I cannot cook without my iron pan. Sometimes it gets crusty on the outside. My children like small fires or roasting oysters in the back yard.
Thanks, great hints. I use my pan often and sometimes I find the pan is not seasoned completely. Thanks for the detailed instructions.
Thanks for the tips! I wouldn't recommend cleaning in a self-cleaning oven like I did. I had a twenty-five year old cast iron skillet that was a favorite. We bought it the week after we got married. The inside was perfect after all those years, but after the outside begins to get all crusty, I put in my self cleaning oven.
I tried the salt routine then rubbed down inside AND outside with canola oil. Then I put it in the oven at a low temperature for a couple hours. Food still stuck. Maybe it's the temp when I put the food in. My Mother all her life used cast iron and nothing ever stuck. She was cooking with a gas stove; mine is electric. I've wondered if that made a difference. I'd like to hear someone's comment on cooking foods containing tomatoes. I've heard that can cause problems.
Cooking with cast iron DOES add iron to our food. I use some cast iron ware that has been handed down for as long as four generations.
Hmmm. Well if you know campers or hunters they will put it on a fire for you. If I have to use any kind of soap, I use Dawn and dry with a papertowel. I always use a papertowel and rub oil on a low burn on top of the stove. Then when its a little smokey, I take it and rub it with oil again before I put it away in a cabinet. This is what seasoning is here in Louisiana. I never put any pots or anything on top of it when I store it.
I also never put my pots in the oven. I will put rolls or bread on it and put it on top of my gas grill and leave it open. I have never had any rust. If you don't have central ac, I would suggest when you store it for awhile that you put a unused sheet of bounce over it. This keeps any pest away.
I do like happy.now from Louisiana - I wash my 100 year old cast iron skillet in Dawn detergent, then dry it with paper towels. I then heat it up just a little & then smear the inside with a very thin coat of bacon grease, & set back on the low fire for about 30 minutes. After that I wait for it to cool down & wipe out any excess grease, & I store it in the cabinet upside down.
To the lady who is having trouble with her pan not seasoning correctly & you use canola oil & an electric stove - use bacon grease or lard instead. I have used both canola & veggie oil on my 2 skillets & used the skillets on both gas & electric stoves & found years ago that the canola & veggie oils do not season the pan well enough to keep foods from sticking in them... use bacon grease.
Instead of salt scouring, I use an old credit card to scrape any residue off the pan before oiling.
I love cast iron. Cooking bacon in it helps to keep it seasoned. However if you do wash you skillet season it with Crisco. Then heat it. In time the crisco seals any small pores in the iron and your skillet will stay nice for years and years.

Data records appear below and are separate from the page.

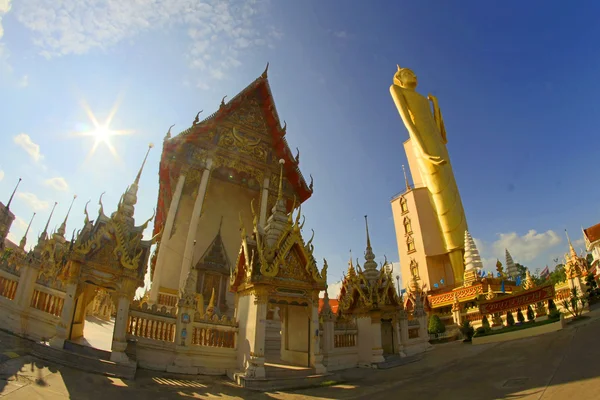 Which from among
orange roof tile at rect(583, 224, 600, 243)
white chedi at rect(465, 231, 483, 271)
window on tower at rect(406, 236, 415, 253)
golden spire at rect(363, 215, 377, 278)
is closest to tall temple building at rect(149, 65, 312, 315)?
golden spire at rect(363, 215, 377, 278)

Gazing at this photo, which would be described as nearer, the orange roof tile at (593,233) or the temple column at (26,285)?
the temple column at (26,285)

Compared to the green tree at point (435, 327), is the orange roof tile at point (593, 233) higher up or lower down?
→ higher up

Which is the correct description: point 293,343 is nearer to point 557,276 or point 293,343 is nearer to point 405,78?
point 405,78

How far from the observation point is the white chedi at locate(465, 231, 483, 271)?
2648 centimetres

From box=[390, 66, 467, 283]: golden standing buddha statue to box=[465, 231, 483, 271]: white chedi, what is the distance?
2.75m

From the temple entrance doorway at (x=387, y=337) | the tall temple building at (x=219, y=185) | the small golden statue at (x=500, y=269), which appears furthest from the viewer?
the small golden statue at (x=500, y=269)

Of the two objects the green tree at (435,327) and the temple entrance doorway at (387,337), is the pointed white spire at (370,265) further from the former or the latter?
the green tree at (435,327)

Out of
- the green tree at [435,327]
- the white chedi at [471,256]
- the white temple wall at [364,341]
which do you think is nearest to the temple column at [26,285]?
the white temple wall at [364,341]

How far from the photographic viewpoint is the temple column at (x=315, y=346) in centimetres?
798

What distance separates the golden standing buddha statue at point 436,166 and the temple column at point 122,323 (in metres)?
30.3

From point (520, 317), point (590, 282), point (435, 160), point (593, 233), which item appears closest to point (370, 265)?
point (520, 317)

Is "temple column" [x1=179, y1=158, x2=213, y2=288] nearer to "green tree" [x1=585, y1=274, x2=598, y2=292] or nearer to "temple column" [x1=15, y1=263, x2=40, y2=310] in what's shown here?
"temple column" [x1=15, y1=263, x2=40, y2=310]

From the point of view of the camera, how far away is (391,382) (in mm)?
7359

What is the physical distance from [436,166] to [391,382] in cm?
2900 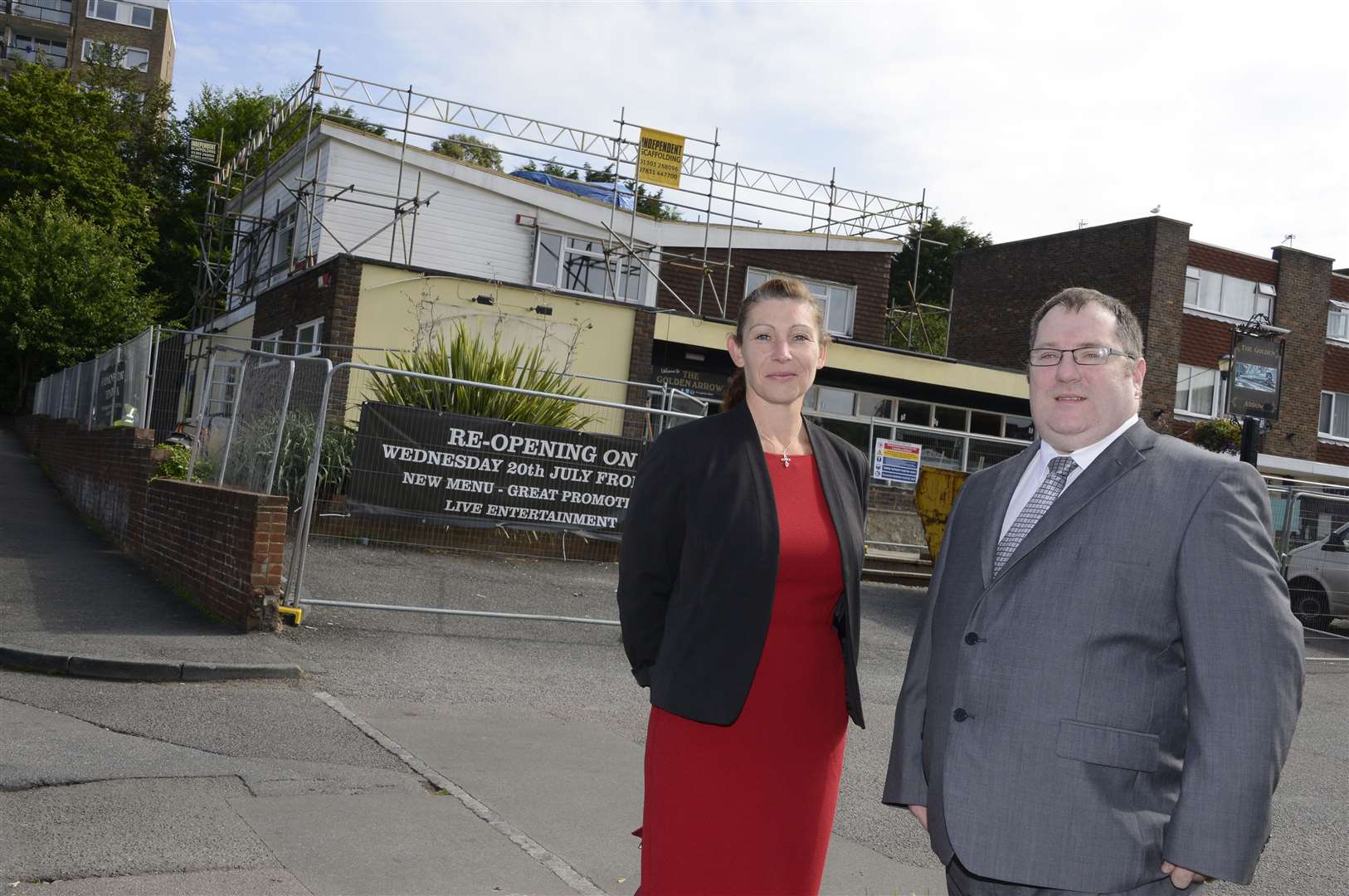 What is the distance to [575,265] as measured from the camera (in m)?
26.1

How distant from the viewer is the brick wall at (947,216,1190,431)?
3142 cm

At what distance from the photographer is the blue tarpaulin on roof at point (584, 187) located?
2762cm

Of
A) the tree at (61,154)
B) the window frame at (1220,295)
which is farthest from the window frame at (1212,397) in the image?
the tree at (61,154)

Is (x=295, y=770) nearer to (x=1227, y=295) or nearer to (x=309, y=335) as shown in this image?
(x=309, y=335)

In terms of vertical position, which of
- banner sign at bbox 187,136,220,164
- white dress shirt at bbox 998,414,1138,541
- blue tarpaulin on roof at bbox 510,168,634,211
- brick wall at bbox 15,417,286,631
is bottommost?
brick wall at bbox 15,417,286,631

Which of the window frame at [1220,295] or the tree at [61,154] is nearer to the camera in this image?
the window frame at [1220,295]

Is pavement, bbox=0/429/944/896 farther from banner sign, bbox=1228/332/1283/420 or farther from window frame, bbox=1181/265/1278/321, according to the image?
window frame, bbox=1181/265/1278/321

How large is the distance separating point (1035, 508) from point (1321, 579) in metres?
13.7

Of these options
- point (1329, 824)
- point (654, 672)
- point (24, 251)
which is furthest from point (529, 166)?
point (654, 672)

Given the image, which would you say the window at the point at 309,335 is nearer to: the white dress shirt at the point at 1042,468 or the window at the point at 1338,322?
the white dress shirt at the point at 1042,468

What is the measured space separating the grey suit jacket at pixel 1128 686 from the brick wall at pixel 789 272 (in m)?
23.8

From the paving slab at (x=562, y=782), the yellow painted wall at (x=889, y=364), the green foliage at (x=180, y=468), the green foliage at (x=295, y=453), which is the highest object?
the yellow painted wall at (x=889, y=364)

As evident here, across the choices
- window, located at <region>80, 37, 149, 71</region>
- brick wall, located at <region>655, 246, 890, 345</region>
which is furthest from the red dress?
window, located at <region>80, 37, 149, 71</region>

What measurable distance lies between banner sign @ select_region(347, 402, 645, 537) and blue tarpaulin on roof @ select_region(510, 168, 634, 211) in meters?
17.4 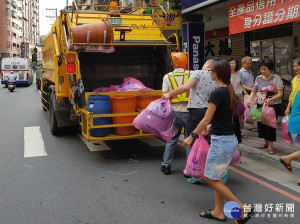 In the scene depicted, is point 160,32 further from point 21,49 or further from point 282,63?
point 21,49

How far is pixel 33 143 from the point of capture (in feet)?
24.9

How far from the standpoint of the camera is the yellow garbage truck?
5.96 metres

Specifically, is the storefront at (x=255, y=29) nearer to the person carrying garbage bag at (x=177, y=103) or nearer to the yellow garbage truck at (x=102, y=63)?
the yellow garbage truck at (x=102, y=63)

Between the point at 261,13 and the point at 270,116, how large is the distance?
A: 2963 millimetres

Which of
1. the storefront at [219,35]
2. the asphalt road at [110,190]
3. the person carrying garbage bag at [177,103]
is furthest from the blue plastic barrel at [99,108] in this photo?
the storefront at [219,35]

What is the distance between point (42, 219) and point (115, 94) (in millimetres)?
2949

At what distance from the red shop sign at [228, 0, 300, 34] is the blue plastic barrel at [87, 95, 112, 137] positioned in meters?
4.08

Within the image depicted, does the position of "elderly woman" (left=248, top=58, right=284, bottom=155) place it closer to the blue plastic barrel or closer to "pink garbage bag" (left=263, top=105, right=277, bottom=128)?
"pink garbage bag" (left=263, top=105, right=277, bottom=128)

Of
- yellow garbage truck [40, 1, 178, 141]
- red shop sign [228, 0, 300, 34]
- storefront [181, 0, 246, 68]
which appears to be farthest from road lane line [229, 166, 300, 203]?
storefront [181, 0, 246, 68]

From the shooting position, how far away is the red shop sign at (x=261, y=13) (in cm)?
689

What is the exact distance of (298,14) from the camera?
6668 millimetres

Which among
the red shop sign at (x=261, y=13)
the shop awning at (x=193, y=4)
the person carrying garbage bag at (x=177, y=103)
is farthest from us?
the shop awning at (x=193, y=4)

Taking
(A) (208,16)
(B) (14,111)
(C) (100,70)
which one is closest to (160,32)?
(C) (100,70)

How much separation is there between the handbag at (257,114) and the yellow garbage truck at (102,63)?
176 cm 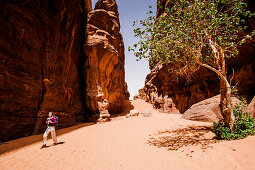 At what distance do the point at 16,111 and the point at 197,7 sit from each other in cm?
1417

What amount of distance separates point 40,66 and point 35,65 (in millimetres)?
493

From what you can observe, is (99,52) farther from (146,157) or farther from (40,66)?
(146,157)

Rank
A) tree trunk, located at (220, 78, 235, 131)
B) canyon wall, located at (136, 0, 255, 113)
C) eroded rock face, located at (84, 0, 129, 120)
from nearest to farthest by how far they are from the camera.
→ 1. tree trunk, located at (220, 78, 235, 131)
2. canyon wall, located at (136, 0, 255, 113)
3. eroded rock face, located at (84, 0, 129, 120)

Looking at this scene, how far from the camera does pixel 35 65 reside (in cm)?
1050

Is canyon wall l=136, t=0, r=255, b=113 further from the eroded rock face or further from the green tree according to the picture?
the eroded rock face

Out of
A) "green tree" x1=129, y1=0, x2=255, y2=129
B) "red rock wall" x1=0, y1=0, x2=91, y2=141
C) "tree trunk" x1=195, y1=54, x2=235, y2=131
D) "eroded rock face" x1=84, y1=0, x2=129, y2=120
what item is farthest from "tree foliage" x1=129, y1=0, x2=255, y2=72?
"eroded rock face" x1=84, y1=0, x2=129, y2=120

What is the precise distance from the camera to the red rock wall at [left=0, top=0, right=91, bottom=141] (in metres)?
8.54

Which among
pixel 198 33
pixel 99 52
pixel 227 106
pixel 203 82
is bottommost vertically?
pixel 227 106

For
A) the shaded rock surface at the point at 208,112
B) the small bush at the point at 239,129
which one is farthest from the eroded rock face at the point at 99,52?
the small bush at the point at 239,129

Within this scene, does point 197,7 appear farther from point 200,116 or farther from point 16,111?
point 16,111

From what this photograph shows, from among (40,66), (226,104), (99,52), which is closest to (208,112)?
(226,104)

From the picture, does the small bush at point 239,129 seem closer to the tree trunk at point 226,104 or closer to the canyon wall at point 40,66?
the tree trunk at point 226,104

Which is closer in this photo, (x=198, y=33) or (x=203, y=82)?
(x=198, y=33)

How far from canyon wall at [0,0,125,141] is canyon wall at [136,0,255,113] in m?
11.2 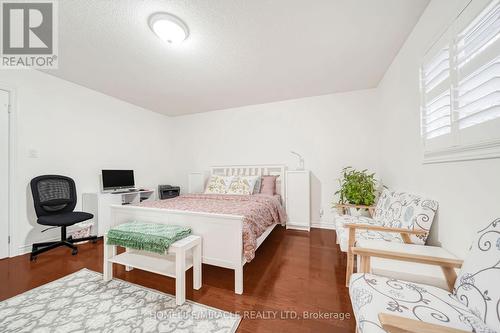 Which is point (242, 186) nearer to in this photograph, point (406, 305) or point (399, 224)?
point (399, 224)

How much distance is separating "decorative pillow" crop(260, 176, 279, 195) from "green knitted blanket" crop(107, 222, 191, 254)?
5.97 ft

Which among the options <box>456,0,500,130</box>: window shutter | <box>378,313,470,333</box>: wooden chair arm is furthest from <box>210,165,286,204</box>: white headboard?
<box>378,313,470,333</box>: wooden chair arm

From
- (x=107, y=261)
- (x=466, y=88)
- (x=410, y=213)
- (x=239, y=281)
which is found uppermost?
(x=466, y=88)

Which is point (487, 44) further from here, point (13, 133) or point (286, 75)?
point (13, 133)

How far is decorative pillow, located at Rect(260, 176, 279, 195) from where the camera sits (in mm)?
3309

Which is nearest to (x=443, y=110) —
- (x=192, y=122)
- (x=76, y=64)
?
(x=76, y=64)

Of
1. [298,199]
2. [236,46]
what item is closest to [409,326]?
[236,46]

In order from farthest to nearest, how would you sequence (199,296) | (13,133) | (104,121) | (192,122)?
(192,122)
(104,121)
(13,133)
(199,296)

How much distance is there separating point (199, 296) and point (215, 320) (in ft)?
1.05

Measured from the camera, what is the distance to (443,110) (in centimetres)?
133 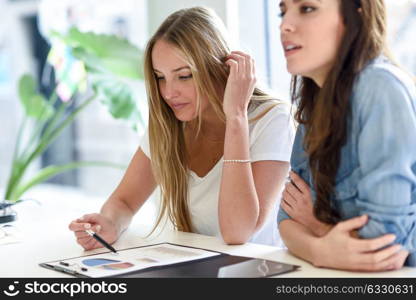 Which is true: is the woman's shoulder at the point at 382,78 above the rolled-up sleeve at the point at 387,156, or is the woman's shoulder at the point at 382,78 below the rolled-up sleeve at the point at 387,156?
above

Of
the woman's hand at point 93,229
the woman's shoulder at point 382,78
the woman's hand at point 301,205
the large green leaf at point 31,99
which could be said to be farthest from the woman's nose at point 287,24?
the large green leaf at point 31,99

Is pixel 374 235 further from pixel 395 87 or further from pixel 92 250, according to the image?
pixel 92 250

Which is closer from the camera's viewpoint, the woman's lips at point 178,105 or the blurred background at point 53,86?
the woman's lips at point 178,105

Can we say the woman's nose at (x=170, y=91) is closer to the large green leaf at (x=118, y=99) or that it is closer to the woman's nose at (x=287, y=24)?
the woman's nose at (x=287, y=24)

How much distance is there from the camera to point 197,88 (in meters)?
1.95

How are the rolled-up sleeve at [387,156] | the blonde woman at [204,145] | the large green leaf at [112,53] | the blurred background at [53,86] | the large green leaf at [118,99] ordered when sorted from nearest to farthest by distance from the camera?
the rolled-up sleeve at [387,156], the blonde woman at [204,145], the large green leaf at [118,99], the large green leaf at [112,53], the blurred background at [53,86]

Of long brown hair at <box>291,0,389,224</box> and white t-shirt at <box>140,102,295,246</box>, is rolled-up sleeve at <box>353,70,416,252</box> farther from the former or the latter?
white t-shirt at <box>140,102,295,246</box>

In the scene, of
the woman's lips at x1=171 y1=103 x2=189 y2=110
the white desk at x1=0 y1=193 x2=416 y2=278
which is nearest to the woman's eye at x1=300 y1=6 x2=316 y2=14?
the white desk at x1=0 y1=193 x2=416 y2=278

I agree with seasoning with lard and all the other hints. I learned my lesson the hard way. My skillet is well over 100 years old. It was my dad's pride and joy. The only 2 things that the US Army was never allowed to ship was dad's skillet and mom's sewing machine. For Father's Day one year I decided to "clean" the skillet to get it shiny as a surprise. SOS, Comet and elbow grease earned me a lecture on how to season an iron skillet as well as practice in doing it. It took several years before the skillet was even close to what it had been (I erased a good 70 years of seasoning). I've bought several iron skillets at old timers fairs and reasoned them. They got tossed into a campfire and then seasoned. It does take a while to get a beautiful patina but definitely worth it.
I use an electric stove.
I only use cast iron pans. They work for everything. I have no problems with any thing sticking.
You can clean them with oven cleaner in and out then re season the inside, wipe the outside. Also you can use cooking spray.